西九州新幹線 地域浮揚の起爆剤に 沿線市長ら振興へ決意

鏡開きで西九州新幹線開業を祝う関係者=23日午後0時26分、長崎市大黒町、ホテルニュー長崎

 「まちの魅力を高め、発信を」-。西九州新幹線が開業した23日、長崎、佐賀両県の沿線5市の各市長は祝賀会や各駅であった出発式などで、新幹線が地域浮揚の起爆剤となることに大きな期待を寄せた。佐賀県知事は「上下分離方式」の並行在来線となる地域をおもんぱかり、両県の振興に尽くす決意を示した。

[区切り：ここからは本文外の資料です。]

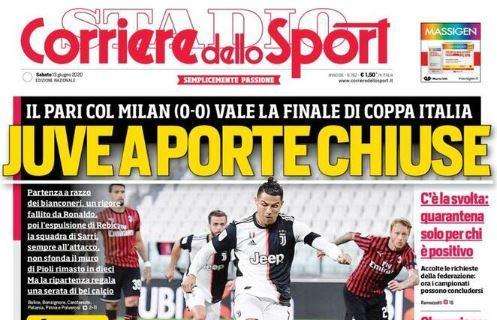 Pareggio a Torino, Corriere dello Sport: "Juve a porte chiuse"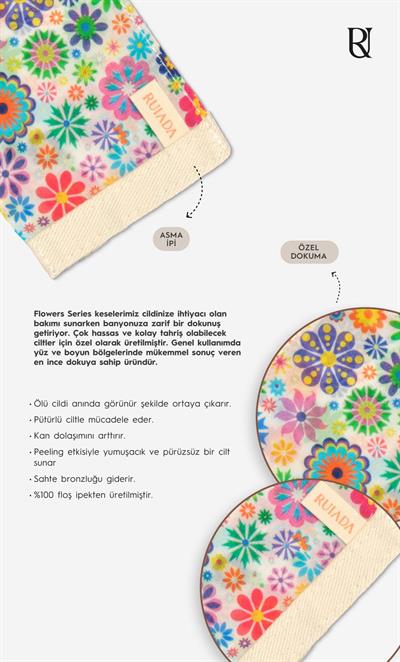 Flowers Series +50 Factor Yüz Kesesi %100 Floş İpek (BLUE)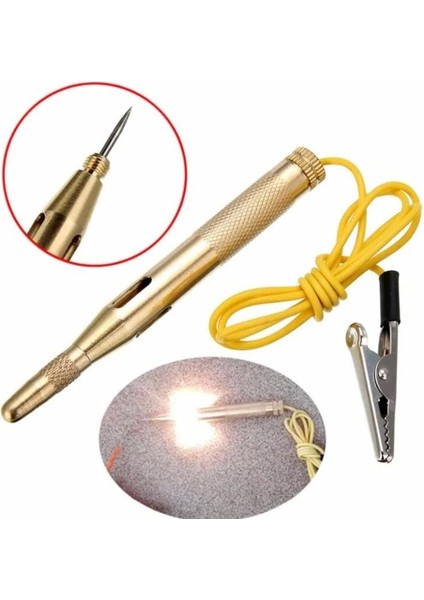 7747 12V Araç Oto Araba Kontrol Test Kalemi Timsah Ağızlı Oto Elektrik Kontrol Kalemi, Metal Gövdeli, 6/24V fiyatları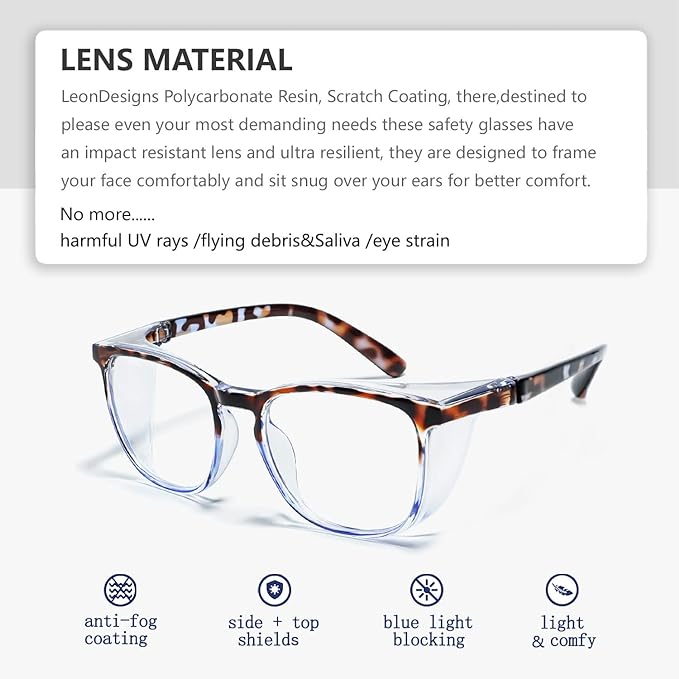 Safety Glasses Anti-Fog Goggles Z87.1 Blue Light Blocking Anti-Dust UV Protection Glasses For Men Women (Blue Quartz)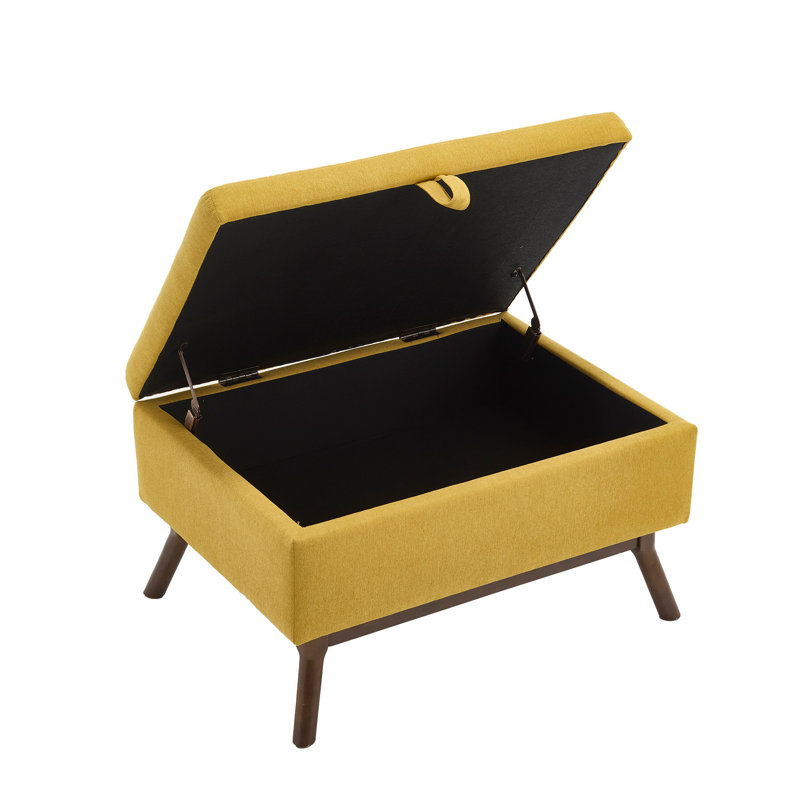Storage Coffee Table,Ottoman, Yellow Linen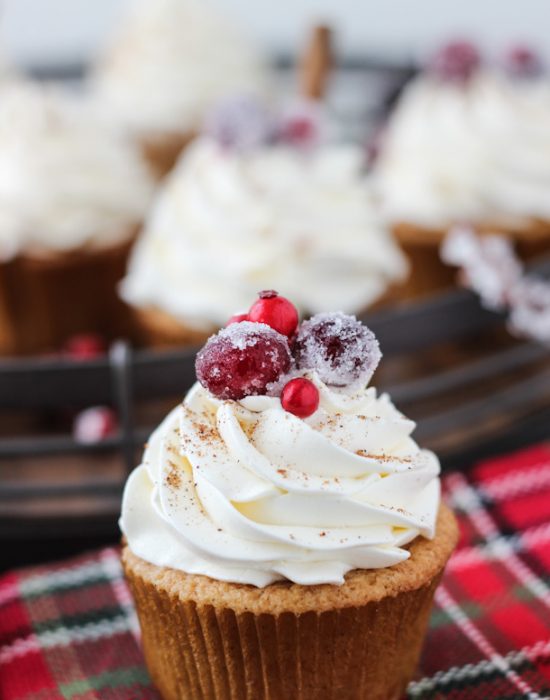 Spiced eggnog cupcakes with whipped bourbon buttercream!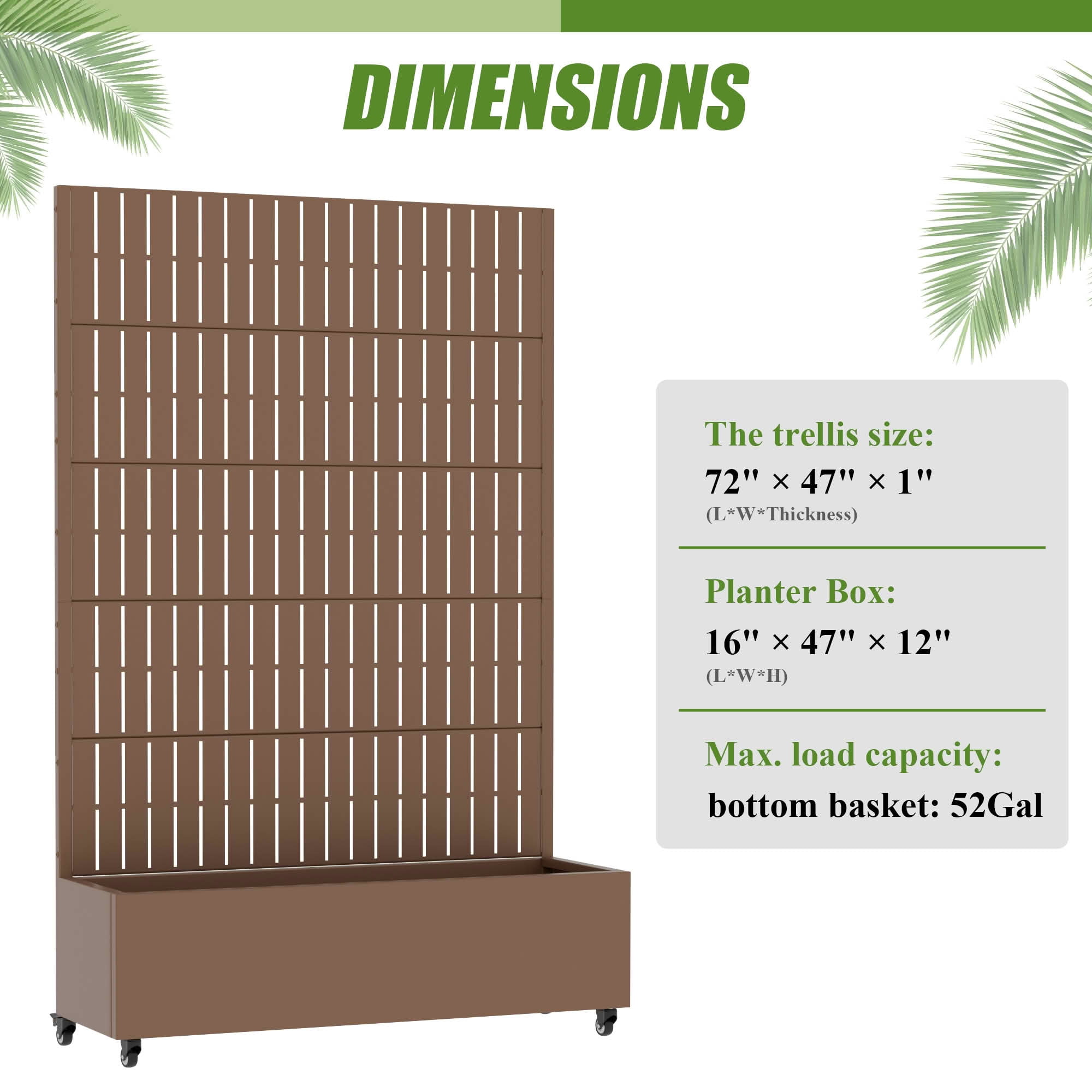 MAYEERTY 72X47" Metal Outdoor Brown Privacy Screen with Planter Box for Backyard & Garden, 5 Piece Set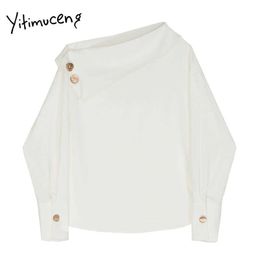 Yitimuceng White Blouse Women Long Sleeve Metal Decoration Button Up Shirts Straight Spring Fashion Skew Collar Tops 210601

 「各市とも個性を生かしたまちづくりを進めてきた」。長崎市の田上富久市長は市内であった祝賀会で沿線市が開業に向け準備を進めてきたと強調した。県都は推計人口が40万人を下回る一方、MICE施設開業など「100年に1度」と呼ばれる変革期を迎えている。田上市長は「学会など、さまざまな理由で長崎を訪れてもらうハブ(拠点)としての機能を果たし、周辺地域への波及効果が大きくなるよう魅力を高めたい」と力を込めた。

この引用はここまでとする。